Using the Memory System in Your Agent

  1. Initialize Components:

    • Ensure you have chromadb installed (pip install chromadb).
    • Import necessary classes: ChromaDBService, ChromaDBConfig, MemoryManager.
    • Load your OpenAI API key (needed for embeddings) via .env or other means.
    • Configure ChromaDBConfig, specifying at least the path for local storage and a collection_name.
    • Instantiate the service and then the manager.
    from karo.memory.services.chromadb_service import ChromaDBService, ChromaDBConfig
    from karo.memory.memory_manager import MemoryManager
    from dotenv import load_dotenv
    import os
    
    load_dotenv() # Load OPENAI_API_KEY
    
    # Configure ChromaDB
    db_path = "./my_agent_karo_db" # Choose a persistent path
    collection = "main_kb"
    chroma_config = ChromaDBConfig(path=db_path, collection_name=collection)
    
    try:
        chroma_service = ChromaDBService(config=chroma_config)
        memory_manager = MemoryManager(chroma_service=chroma_service)
        print(f"Memory system initialized using DB at: {db_path}")
    except Exception as e:
        print(f"Failed to initialize memory system: {e}")
        memory_manager = None # Handle error
    
  2. Configure Agent:

    • When creating your BaseAgentConfig, pass the initialized memory_manager instance to the memory_manager argument.
    • You can also set memory_query_results to control how many chunks are retrieved.
    from karo.core.base_agent import BaseAgent, BaseAgentConfig
    # ... other imports (provider, prompt_builder, tools)
    
    if memory_manager: # Only configure if initialization succeeded
        agent_config = BaseAgentConfig(
            provider=my_provider,
            prompt_builder=my_prompt_builder,
            memory_manager=memory_manager, # Assign the manager
            memory_query_results=5 # Retrieve top 5 results
            # tools=...
        )
        agent = BaseAgent(config=agent_config)
    else:
        # Handle case where memory couldn't be initialized
        print("Agent created without memory capabilities.")
        # agent = BaseAgent(...) # without memory_manager
    
  3. Ingest Data (Separate Script):

    • Create a separate script (like ingest_kb.py in the tutorial) to load your documents, potentially chunk them, and use memory_manager.add_memory() to store them.

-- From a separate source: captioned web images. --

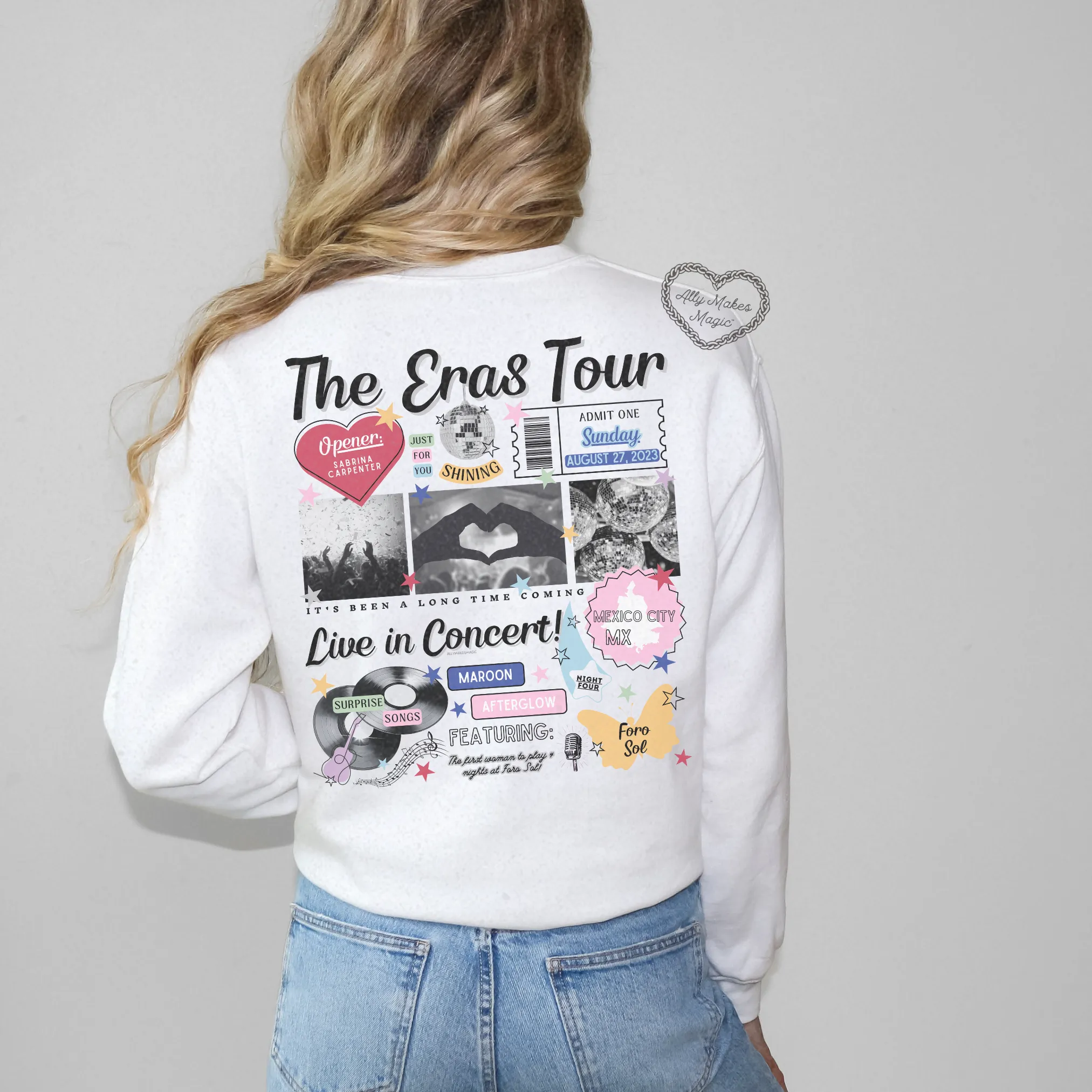 mexico city night 4 sweater | gildan *custom* sold by Ally Makes Magic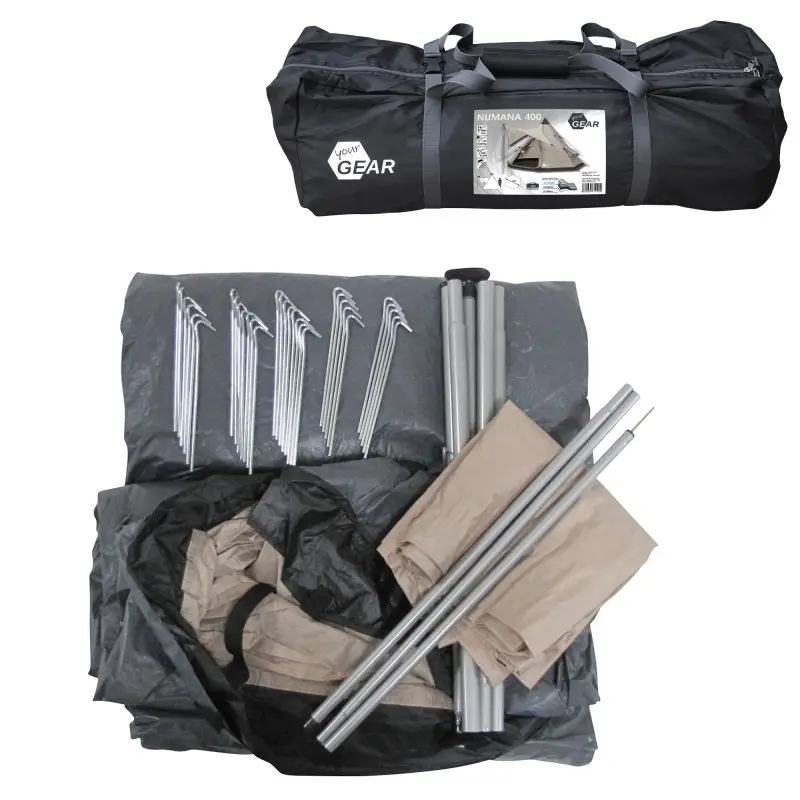 your GEAR Zelt Numana 400 Familienzelt 4 - 6 Personen Sonnensegel Bodenwanne Wasserdicht 5000 mm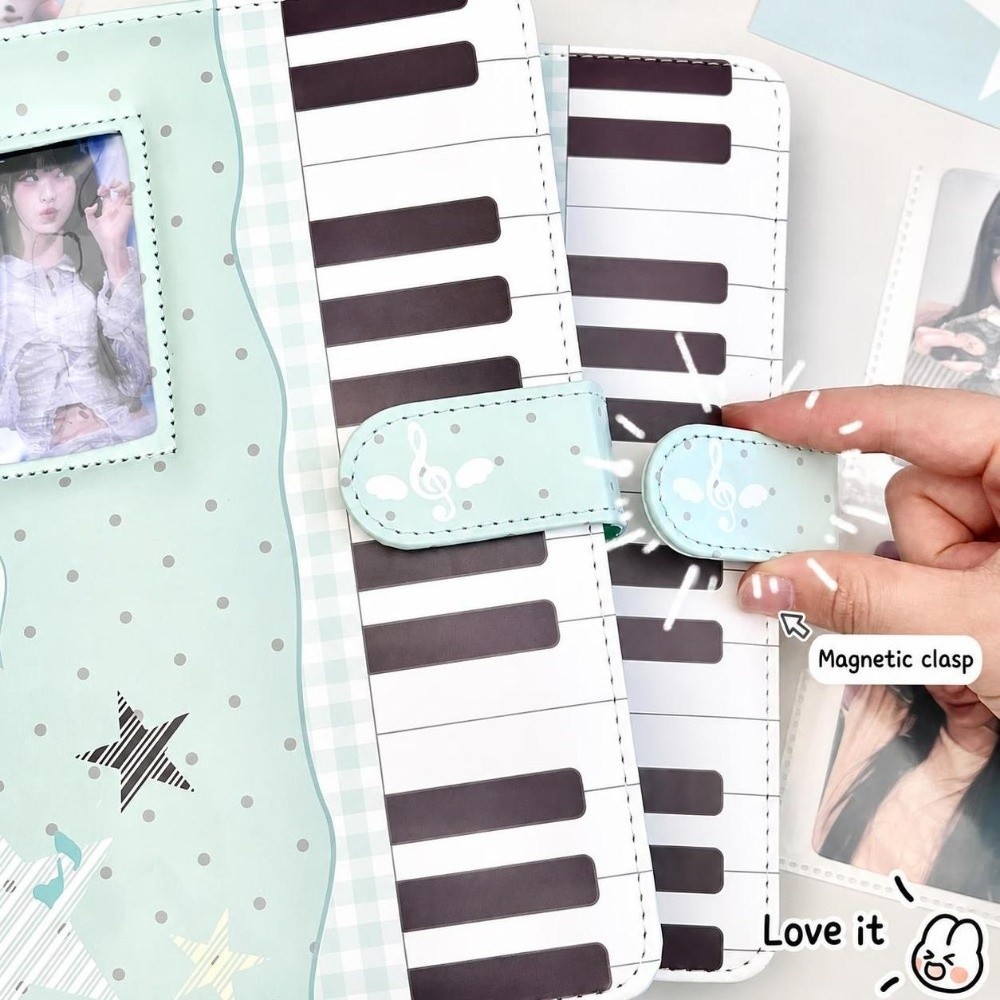 Cute Polka Dot Piano Binder No - đánh giá và giá Notebook Dotted A5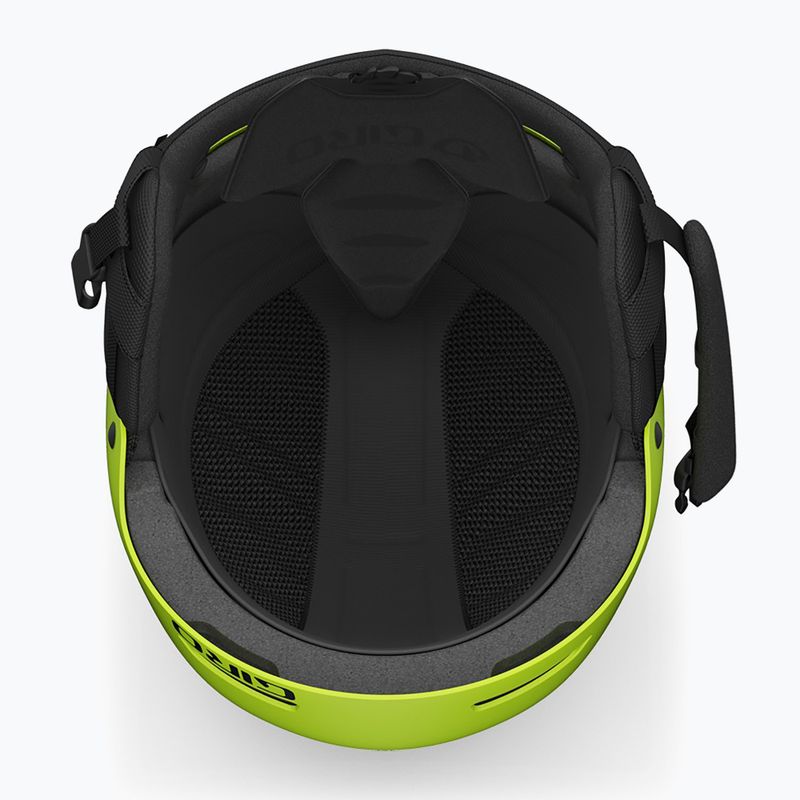 Lyžařská helma Giro Ledge FS matte ano lime 5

Run this script whenever your knowledge base needs to be created or updated.
  4. Agent Interaction:

    • When you call agent.run(), the agent will automatically perform the retrieval step using the memory_manager and include the results in the prompt sent to the LLM (as handled by BaseAgent._create_initial_prompt and SystemPromptBuilder).

Memory Tools (KnowledgeBaseQueryTool)

While the BaseAgent handles automatic retrieval for RAG context, you might also want tools that explicitly interact with memory. The tutorial example includes a KnowledgeBaseQueryTool which uses the MemoryManager internally. This allows the LLM to decide to query the KB explicitly if it needs specific information not covered by the automatic retrieval or if it wants to verify something, providing another layer of control.